Ringfort (Rath), Kilbreanbeg, Co. Kerry
Co. Kerry |
Ringforts
What survives at Kilbreanbeg is a ringfort that had to negotiate the landscape rather than simply sit on top of it.
The earthwork, roughly forty metres across, occupies a north-west-facing slope in County Kerry, and its builders compensated for the hillside's incline in a practical way: the platform is raised on the lower, north-western side and cut back into the slope at the south-east, creating a level interior where the ground would otherwise have tilted. The result, seen from the field, is a structure that reads differently depending on which side you approach.

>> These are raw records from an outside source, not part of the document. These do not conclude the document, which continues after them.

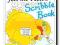 Jen the Hen's Scribble Book - Jacqui Hawkins NOWA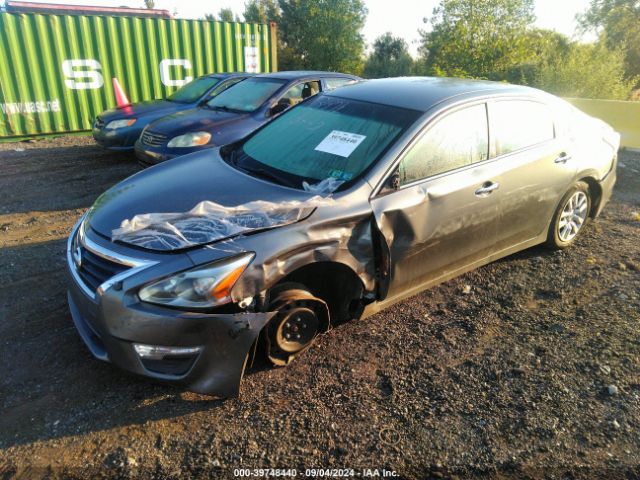 Photo 1 VIN: 1N4AL3AP4FC177088 - NISSAN ALTIMA 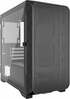 Arvutikorpus Gembird Fornax MK200, ATX, must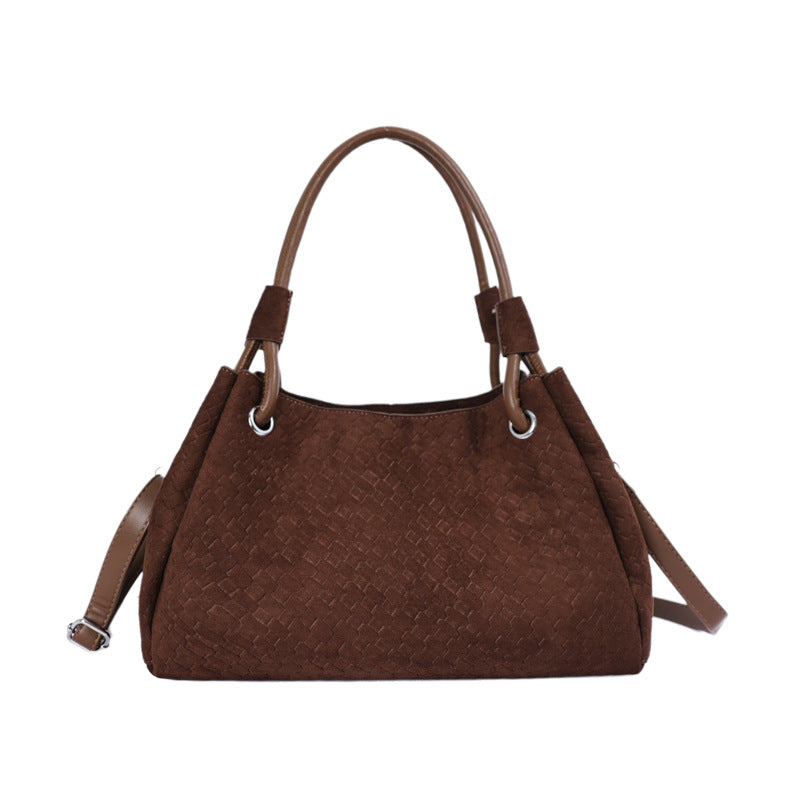 Josefien | Slouchy Hobo Handtas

Ringforts, known in Irish as raths when built primarily from earth and bank rather than stone, were the most common settlement type in early medieval Ireland, typically enclosing a farmstead and its immediate occupants. This one is defined by a substantial internal scarp around two metres high, an intervening fosse (a rock-cut or earthen ditch), and then a second outer bank and a further outer fosse running along the north-east to west-north-west arc of the perimeter. A causeway entrance survives on the western side, where the ditches would originally have been bridged to allow access. The double-ditch arrangement suggests a degree of deliberate effort in the enclosure's construction, though what that signals about its original occupants is difficult to say without excavation. Large boulders now lie scattered haphazardly in the outer fosse, their presence unexplained, and dense overgrowth obscures much of the enclosing elements along the north-north-east to south-south-east stretch. The interior surface is uneven, hinting at features beneath the turf that remain unexcavated and unrecorded.